Now published in eLife.
A re-analysis of the Single-cell transcriptomic analysis of Alzheimer’s disease using a standardised data processing and pseudobulk differential expression approach.
We used scFlow
(v0.6.1) for all of the 24 patients with Alzheimer’s disease pathology and the
24 control patients. The config file with all the parameters is available in
./scFlow_files
. This approach resulted in more stringent quality control,
leading to the exclusion of more, low quality cells.
An single-cell object (SCE) of the Mathys et al. study into Single-nucleus transcriptomic analysis and differential expression (DE) of Alzheimer’s disease data after processing with scFlow is available on synapse see: https://doi.org/10.7303/syn51758062.1.

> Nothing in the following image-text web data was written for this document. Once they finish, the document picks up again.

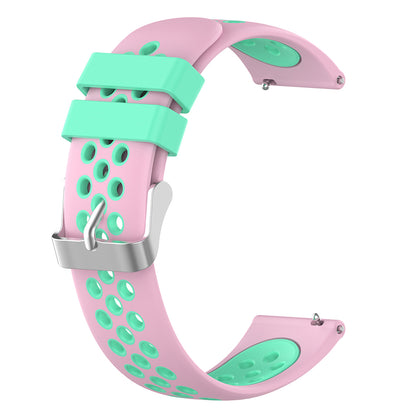 20mm Multiple Holes Breathable Dual Color Silicone Watch Strap Wristband for Huawei Watch GT3 42mm/Samsung Galaxy Watch 42mm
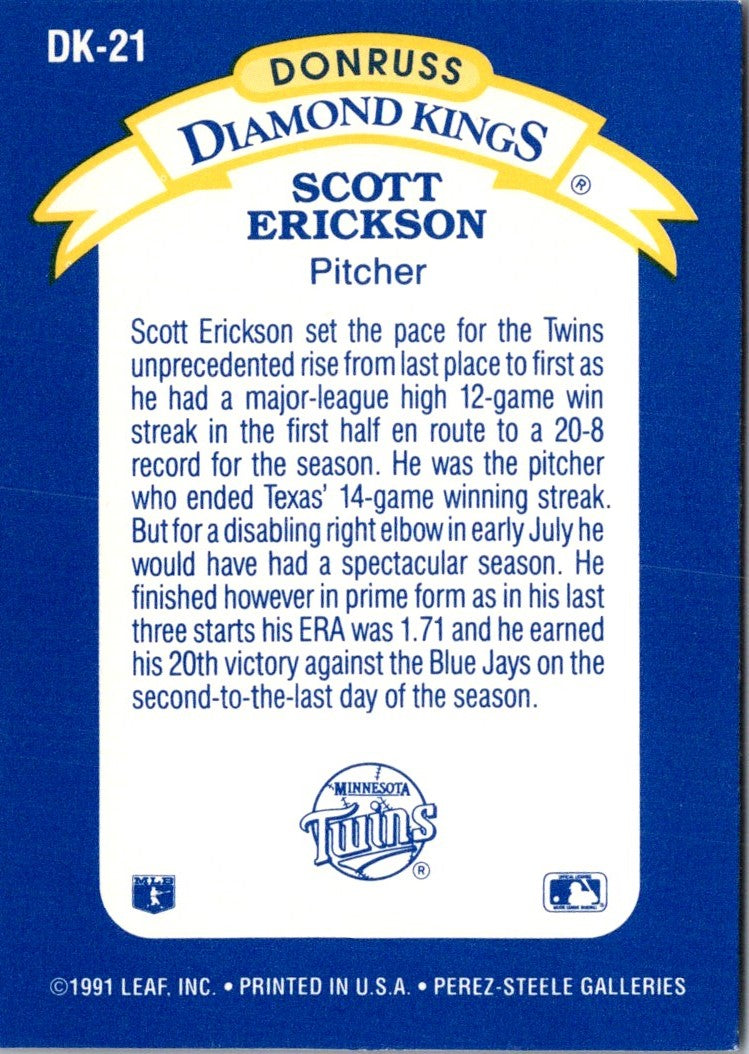 1992 Donruss Diamond Kings Scott Erickson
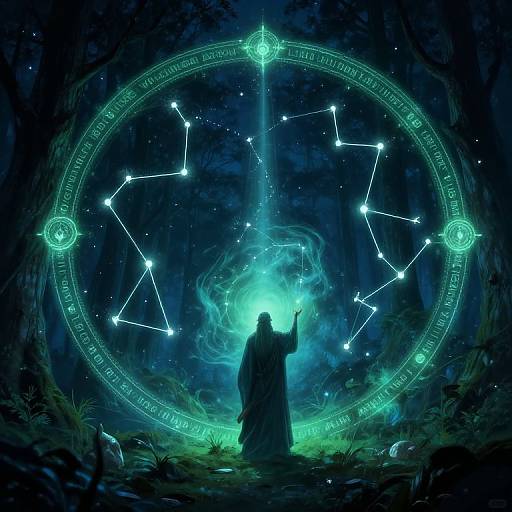 Digital art: Silhouetted figure in dark robe stands before glowing, circular celestial map with constellation connections in a mystical forest.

Note this includes the processed count matrix and associated metadata. This
will be needed to run the analysis below. Also note that here we match the cell
types to the original paper but we have also made available a more granular cell
type groupings which you can access in the metadata - the cluster_celltype
column rather than the allan_celltype
column.
The run_reanalysis_Mathys_19.R
in the R
folder can be used to derive the
EGs from the reprocessed Mathys et al., 2019 Alzheimer’s disease patient
snRNA-Seq data. This script uses a custom written function to apply pseudobulk
differential analysis to any single-cell dataset (see sc_cell_type_de.R
).
We also provide a docker file to create an image to rerun the analysis - removing the need of the user to install all the dependencies themselves. Simply run the following with docker installed:
docker pull neurogenomicslab/reanalysis_mathys_2019
or recreate the docker image with:
docker build -t reanalysis_mathys_2019 .
Whether you pull or recreate the image, next run it:
docker run -e PASSWORD=reanalysis --rm -p 8787:8787 reanalysis_mathys_2019
Now navigate to localhost:8787
in a web browser and log in with:
username: rstudio
password: reanalysis
to access the docker image. Then clone the repo in the terminal of Rstudio
with:
git clone https://github.com/neurogenomics/reanalysis_Mathys_2019
#install data
cd reanalysis_Mathys_2019/
wget https://figshare.com/ndownloader/files/38819949 -O ./data/sce.qs
#rerun analysis
cd R/
Rscript run_reanalysis_Mathys_19.R
Once this runs you can look in the results folder or also knit the Rmd file (Mathys_results_comparison_pb.html) to view the results.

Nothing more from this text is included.